Same trailer, different park.

Mama’s hooked on Mary Kay
Brother’s hooked on Mary Jane
And Daddy's hooked on Mary two doors down.
Mary Mary quite contrary,
We get bored so we get married
And just like dust we settle in this town.
On this broken merry go 'round and 'round and 'round we go,
Where it stops nobody knows...
And it ain't slowin' down, this merry go 'round...

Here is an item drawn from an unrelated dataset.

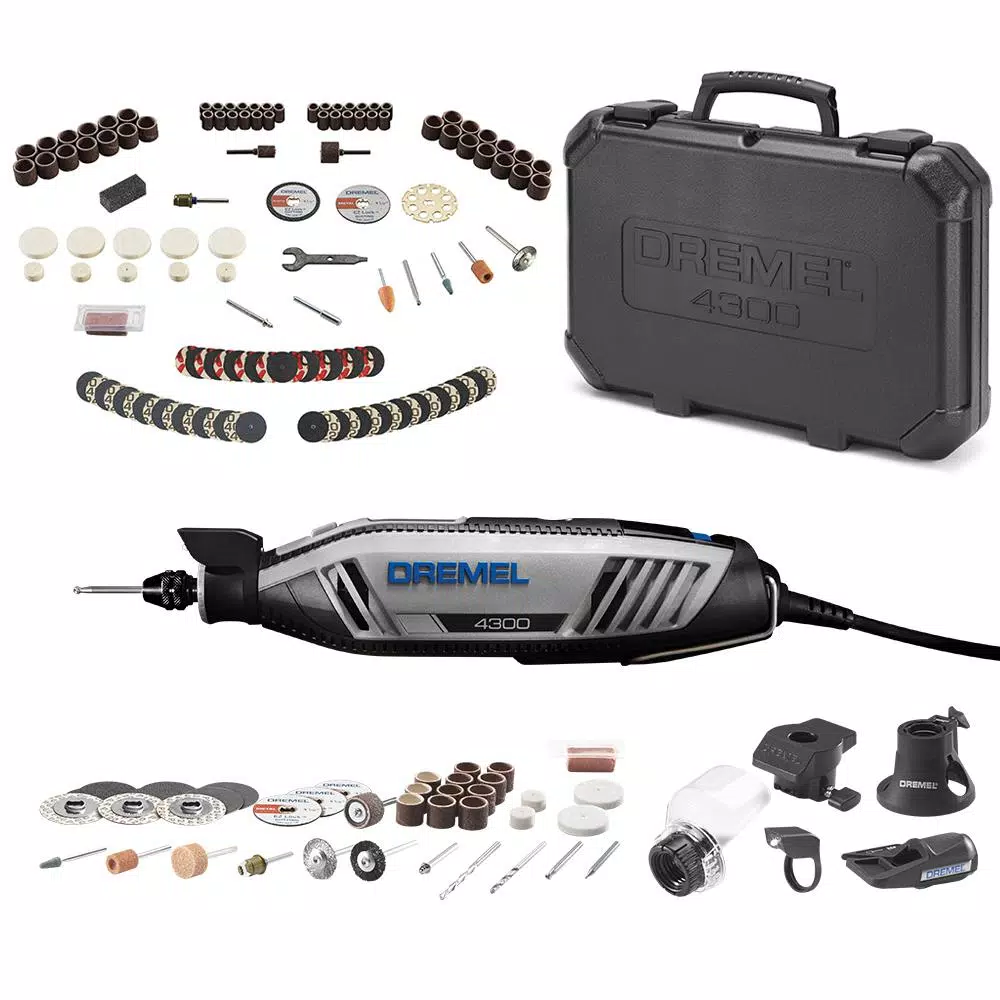 Rotary Tool Accessories Dremel 4300 Series 1.8 Amp Variable Speed Corded Rotary Tool Kit + Rotary Tool Accessory Kit (130-Piece) 3 Rotary Tool Accessories Dremel 4300 Series 1.8 Amp Variable Speed Corded Rotary Tool Kit + Rotary Tool Accessory Kit (130-Piece)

We think the first time's good enough,
So we hold on to high school love,
Say we won't end up like our parents.
Tiny little boxes in a row,
Ain't what you want it's what you know,
Just happy in the shoes you're wearin'.
Same checks we're always cashin',
To buy a little more distraction.

-chorus-

Mary Mary quite contrary,
We're so bored until we're buried.
And just like dust we settle in this town.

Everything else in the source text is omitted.